まず,タンパク質コーディングエキソン1,2,3を含むゲノムDNAについて,プライマー対(CACCCACGGACGCACGGCCCGAGGGCGGGG(配列番号29)とGGGGGTTGCTTTTGTTCTTCCA(配列番号30))を用いてPCR増幅した。

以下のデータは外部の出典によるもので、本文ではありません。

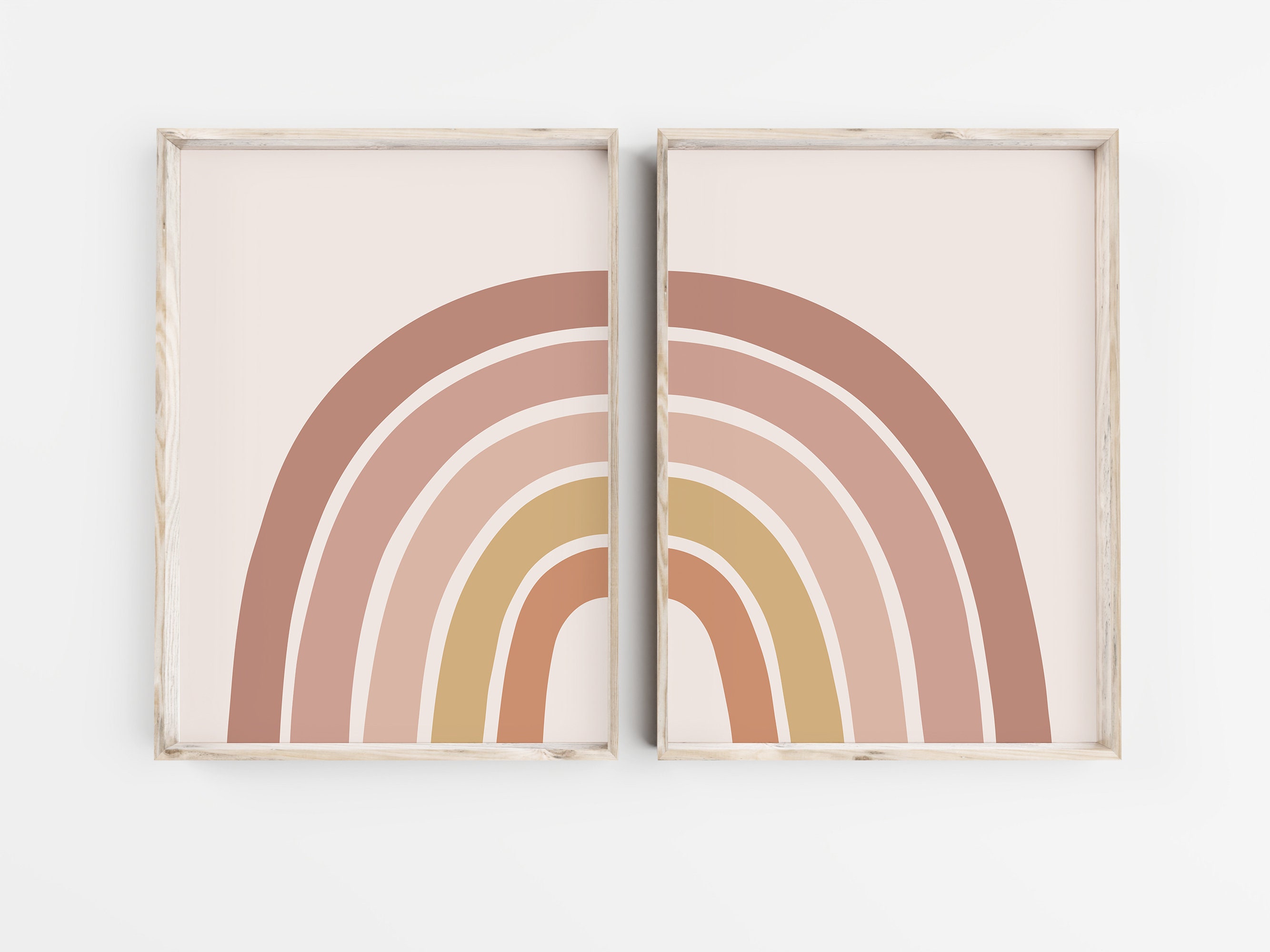 Rainbow Wall Art Set of 2 Rainbow Prints Girls Bedroom Etsy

次に,タンパク質コーディングエキソン1,2,3それぞれを表1に示すプライマー(aとb、cとd、eとf)を用いてPCR増幅した。
得られたPCR産物の混合物を鋳型として,表1と
図2に示すプライマー(aとf)を用いてPCR増幅し,成熟型または安定型(N末端側短縮)ウシFGF4タンパク質コードDNAを得た(
図4 ウシFGF4タンパク質コードDNAのアガロースゲル電気泳動像)。該DNAを鋳型として,制限酵素切断部位(フォワード側にNdeI,リバース側にEcoRI)を付加したプライマー(表1)を用い,ウシ成熟型FGF4タンパク質コードDNAおよびN末端側短縮ウシFGF4(L
55-L
206)タンパク質コードDNAをPCR増幅した。
【0031】
【表1】
【0032】
2.ブタ成熟型FGF4およびN末端側短縮ブタFGF4(L
55-L
206)をコードするDNAの製造
ウシ成熟型FGF4タンパク質コードDNAを鋳型として用い,ブタFGF4に対応する塩基置換を導入したプライマー(表2)を用いてPCR増幅することにより,ブタ成熟型またはN末端側短縮型FGF4タンパク質コードDNAを製造した(
図3)。
【0033】
【表2】
【0034】
具体的には、ウシ成熟型FGF4タンパク質コードDNAを鋳型として,制限酵素切断部位(フォワード側にNdeI,リバース側にEcoRI)を付加したプライマー(表2,
図4)を用い,ブタ成熟型FGF4タンパク質コードDNAおよびN末端側短縮ブタFGF4(L
55-L
206)タンパク質コードDNAをPCR増幅した(
図5)。a,bを用いたPCRを行い、その産物を鋳型にしてプライマーa,cを用いたPCRを行った。
【0035】
なお、ブタFGF4コード遺伝子はゲノムDNAを鋳型にして表2と表3のプライマーを用いて、ウシFGF4と同様にして得ることもできる。その場合,プライマー対(GGCCACTGAAAGAGAGGTGGAGAAGG(配列番号31)とCAATAACTTTGCCCGATGATGAATGTCAAG(配列番号32))を用いてタンパク質コーディングエキソン1,2,3を含むゲノムDNAをPCR増幅後,このPCR産物を鋳型にすることにより,なお確実に得ることができる。
【0036】
【表3】
エキソン1は,表2のプライマーa 成熟型(NdeI/pFGF4 (94-123) F:配列番号21)または安定型(NdeI(163-182)配列番号22)と表3のプライマー2(配列番号26)の組み合わせ。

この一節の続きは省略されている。